The park design presented by Domini puts too much activity into too small a space, he said.

The great lawn as proposed is designed to accommodate about 1,600 people, Domini said.

The city might have "dropped the ball" a bit in not including more public input in the design process, council president Christine Houk said.

Although the COVID-19 pandemic has created challenges, the city had ways to gather more feedback from the community, she said.

Like Berry, Houk said she also had envisioned a larger park concept that included the area east of the library building site.

The proposed design falls short of what community members want and need for a Town Center park, said Gregg Smurthwaite, the Grove City resident who began an effort in early 2019 to gather public support for using the library site as a park or community space rather than for potential residential development.

About 150 people filled council chambers and spilled out into the lobby Nov. 4, 2019, when council voted on the legislation to earmark the library site for a park, he said.

The overwhelming majority of them left the meeting assuming the park would include the land east of the library building, Smurthwaite said.

"We can't shortchange them by making this park this small and not serving the overall needs (of) the community," he said. "(It) should be an outstanding, accomplished, full-service Town Center park."

The land east of the building site is owned by the city and set aside for the community's use, Smurthwaite said.

Smurthwaite's son, Christian, said he and other residents supported the ordinance that was approved in November with the understanding that it was intended to protect the library site from commercial or residential development and was not meant to limit the park to only that site.

The design map submitted by OHM labels the green space east of the library building as being a "future development opportunity," Christian Smurthwaite said.

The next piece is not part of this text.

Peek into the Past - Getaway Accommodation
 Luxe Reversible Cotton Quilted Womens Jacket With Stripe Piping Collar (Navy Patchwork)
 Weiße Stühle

His concern is that developers could notice the vacant land and the city could be accommodating to them, he said.

The city had solicited proposals for the redevelopment of the old library site from developers in 2017, Stage said. Nothing is in the works for the vacant land, he said.

"There is no developer, and we have had no discussions, as far as I know, with any developer who wants to take over that acreage on the east side of Arbutus," Stage said. "And we haven't offered it."

The park-design proposal was limited by the wording of the ordinance council had approved in November, he said.

The legislation states that "the site commonly referred to as the old library site which is bounded by Park Street on the north, Arbutus Avenue on the east, Civic Place on the south, and First Ave on the west, shall be preserved for public gathering space."

If council wanted specifically to include the area east of the library building, the ordinance should have been amended at the time it was approved, Stage said.

City administrator Chuck Boso is expected to draft new legislation to include the area east of the library site for the park design, he said.

If that land is included, it would set aside about 2 acres for the park, Boso said.